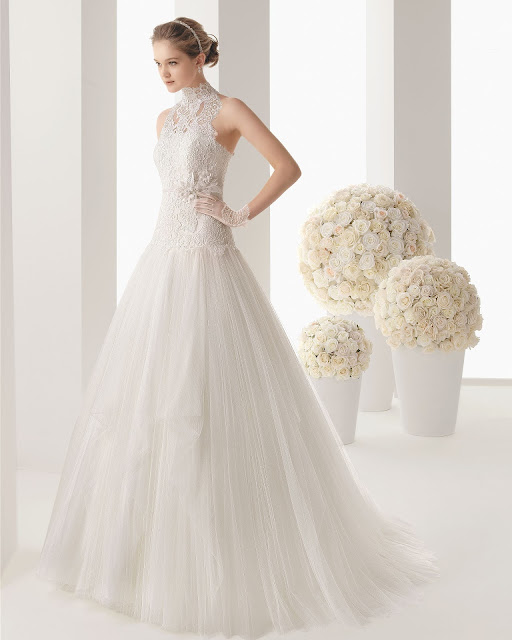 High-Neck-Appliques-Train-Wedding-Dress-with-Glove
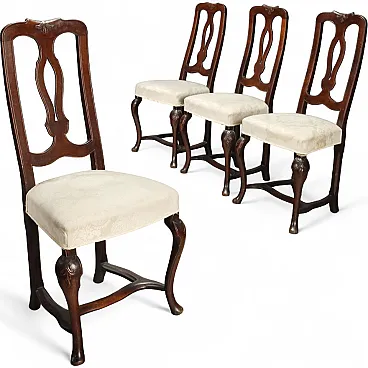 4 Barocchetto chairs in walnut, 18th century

--

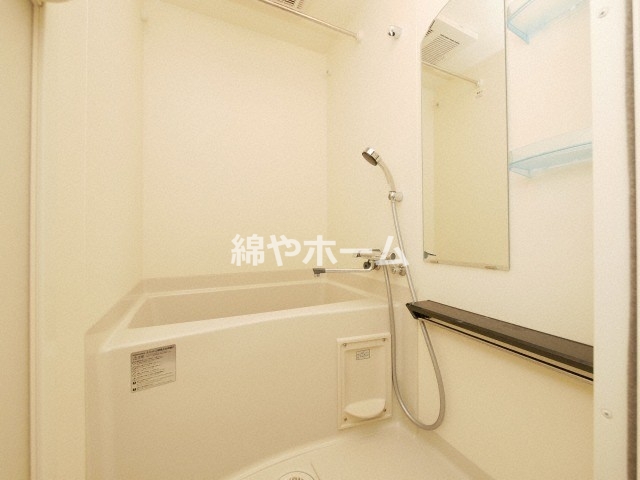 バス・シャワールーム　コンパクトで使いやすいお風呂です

Work instructions. Nothing except the lines from the one containing "High-Neck-Appliques-Train-Wedding-Dress-with-Glove" through the one containing "4 Barocchetto chairs in walnut, 18th century" should appear in the answer, exactly as above and without pictures.

Final answer.
 High-Neck-Appliques-Train-Wedding-Dress-with-Glove
 4 Barocchetto chairs in walnut, 18th century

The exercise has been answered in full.